[Stored entries]
- - -

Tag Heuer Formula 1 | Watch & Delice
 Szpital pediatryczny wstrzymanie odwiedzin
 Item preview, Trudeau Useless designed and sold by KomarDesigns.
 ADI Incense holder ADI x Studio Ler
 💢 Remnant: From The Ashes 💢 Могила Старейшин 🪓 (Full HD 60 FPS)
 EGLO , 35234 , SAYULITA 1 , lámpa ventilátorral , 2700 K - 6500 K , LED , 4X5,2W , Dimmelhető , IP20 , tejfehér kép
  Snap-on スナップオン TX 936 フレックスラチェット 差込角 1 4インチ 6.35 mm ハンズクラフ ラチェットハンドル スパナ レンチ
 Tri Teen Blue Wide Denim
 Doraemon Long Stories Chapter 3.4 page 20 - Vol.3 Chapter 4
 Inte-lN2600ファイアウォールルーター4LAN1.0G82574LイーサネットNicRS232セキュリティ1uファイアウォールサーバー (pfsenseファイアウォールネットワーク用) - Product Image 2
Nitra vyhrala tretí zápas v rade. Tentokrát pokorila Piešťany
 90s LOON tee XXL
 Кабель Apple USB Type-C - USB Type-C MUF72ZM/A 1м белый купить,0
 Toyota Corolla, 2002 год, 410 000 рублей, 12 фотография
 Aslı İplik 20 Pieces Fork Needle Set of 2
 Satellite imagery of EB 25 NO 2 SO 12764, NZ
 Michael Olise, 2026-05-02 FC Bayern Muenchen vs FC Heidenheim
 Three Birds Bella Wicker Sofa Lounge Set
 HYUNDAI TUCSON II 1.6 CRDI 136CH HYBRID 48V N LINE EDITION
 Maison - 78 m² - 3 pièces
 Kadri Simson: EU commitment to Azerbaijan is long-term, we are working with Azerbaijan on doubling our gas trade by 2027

- - -

Find "Michael Olise, 2026-05-02" in the data above, then repeat that line and all lines after it exactly, ending with the final line.

 Michael Olise, 2026-05-02 FC Bayern Muenchen vs FC Heidenheim
 Three Birds Bella Wicker Sofa Lounge Set
 HYUNDAI TUCSON II 1.6 CRDI 136CH HYBRID 48V N LINE EDITION
 Maison - 78 m² - 3 pièces
 Kadri Simson: EU commitment to Azerbaijan is long-term, we are working with Azerbaijan on doubling our gas trade by 2027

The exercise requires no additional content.